Beets are an annual cool-season crop, half-hardy to frost and light freezes. They thrive in all parts of the country. Beets are closely related to spinach and chard, and once called "blood turnips" because of their bright red juice. Growing beets will provide delicious colorful roots and nutritious greens. Most beets are open-pollinated and multi-germ, where one seed yields a clump of 4-5 plants that need to be thinned.
When to Plant
Beets are hardy and may be sown as soon as the ground can be worked. Beet seeds can germinate in cool soil, but they sprout best when soil temperatures are above 50 degrees Fahrenheit. They should be planted directly in the garden one month before your last spring frost. For succession crop, plantings can be made every 2 weeks to mid-summer. Beets can become tough and stringy if grown in hot weather during droughts; ample water supply is essential to succulent roots.
How to Plant
Sow seed 1/2 inch deep in rows 12-18 inches apart. The beet seed is a compact ball of many tiny seeds. Many plants germinate where each seed is sown, so seed should be placed sparingly. When seedlings are 4-6 inches high, thin plants to stand 1 1/2 inches apart. (They can be used in salad or cooked as spinach.) Then, as these beets grow to about an inch in diameter, pull every other one to allow larger beets to grow.
Beets grow best when temperatures average 65 degrees, so early plantings will grow faster if covered with a row cover.
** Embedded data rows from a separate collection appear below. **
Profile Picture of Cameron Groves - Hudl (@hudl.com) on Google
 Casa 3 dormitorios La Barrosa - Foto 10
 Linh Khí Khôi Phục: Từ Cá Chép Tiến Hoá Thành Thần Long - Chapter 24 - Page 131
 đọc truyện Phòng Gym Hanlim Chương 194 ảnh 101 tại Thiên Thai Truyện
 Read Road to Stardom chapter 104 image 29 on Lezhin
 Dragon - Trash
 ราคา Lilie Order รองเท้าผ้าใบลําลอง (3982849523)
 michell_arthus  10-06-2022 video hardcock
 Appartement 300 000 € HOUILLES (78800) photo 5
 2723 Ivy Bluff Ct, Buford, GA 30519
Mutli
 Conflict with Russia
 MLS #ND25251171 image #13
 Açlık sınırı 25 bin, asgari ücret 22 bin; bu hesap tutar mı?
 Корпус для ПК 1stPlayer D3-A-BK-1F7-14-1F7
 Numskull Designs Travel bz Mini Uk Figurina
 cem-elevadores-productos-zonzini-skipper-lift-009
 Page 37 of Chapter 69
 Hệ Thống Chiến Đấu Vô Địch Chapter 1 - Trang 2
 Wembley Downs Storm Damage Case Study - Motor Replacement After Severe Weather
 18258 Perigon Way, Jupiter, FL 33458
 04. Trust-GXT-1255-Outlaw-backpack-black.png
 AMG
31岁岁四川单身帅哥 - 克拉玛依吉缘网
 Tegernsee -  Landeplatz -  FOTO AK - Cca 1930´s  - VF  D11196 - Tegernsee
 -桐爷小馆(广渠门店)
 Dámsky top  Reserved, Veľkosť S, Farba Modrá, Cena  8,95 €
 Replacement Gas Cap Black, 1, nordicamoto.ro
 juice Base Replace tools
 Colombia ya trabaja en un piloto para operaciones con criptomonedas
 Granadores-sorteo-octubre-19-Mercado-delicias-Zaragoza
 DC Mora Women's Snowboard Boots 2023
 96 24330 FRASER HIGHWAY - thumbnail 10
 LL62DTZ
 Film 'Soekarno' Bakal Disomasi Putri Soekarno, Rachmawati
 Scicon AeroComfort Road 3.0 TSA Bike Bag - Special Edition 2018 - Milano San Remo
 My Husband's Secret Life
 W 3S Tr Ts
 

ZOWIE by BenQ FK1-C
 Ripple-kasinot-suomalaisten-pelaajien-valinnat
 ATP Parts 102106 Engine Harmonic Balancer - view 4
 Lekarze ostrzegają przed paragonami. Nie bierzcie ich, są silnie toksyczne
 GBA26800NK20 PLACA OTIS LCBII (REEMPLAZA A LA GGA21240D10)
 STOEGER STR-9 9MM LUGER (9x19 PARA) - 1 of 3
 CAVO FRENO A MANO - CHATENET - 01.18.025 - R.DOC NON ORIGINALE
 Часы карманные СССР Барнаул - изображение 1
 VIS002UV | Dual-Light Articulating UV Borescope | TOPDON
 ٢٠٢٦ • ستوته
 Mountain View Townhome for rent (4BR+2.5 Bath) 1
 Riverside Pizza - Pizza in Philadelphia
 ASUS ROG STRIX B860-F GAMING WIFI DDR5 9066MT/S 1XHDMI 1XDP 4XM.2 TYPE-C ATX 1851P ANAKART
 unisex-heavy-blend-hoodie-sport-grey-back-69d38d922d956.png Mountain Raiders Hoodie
Beet roots naturally push up out of the ground as they mature, and this exposed portion of the beet can cause the shoulders of white or yellow beets to become green and tough and should be mulched to avoid this problem.
Beets will typically produce edible greens in 35 days, followed by cylindrical roots a month later.
How to Harvest
Beets should be ready to harvest within 60 days of planting. Harvesting beets is really a matter of preference when it comes to the right size for harvesting. They are ready any time after you see the shoulder protruding at the soil line. Picking a leaf or two from each plant won't compromise their root growth significantly, but many gardeners prefer to wait until the beet is ready to harvest to pick the inner leaves. Beet leaves taste best when they are about 6 inches long, but baby greens are wonderful in salads and bigger leaves still cook up nicely. Carefully wash harvested beets in cool water, use a sharp knife to cut off all but 1 inch of the beet tops, but leave the taproot intact. Removing the tops will prevent moisture loss while in storage. Store washed, trimmed beets in your refrigerator, or root cellar for several months.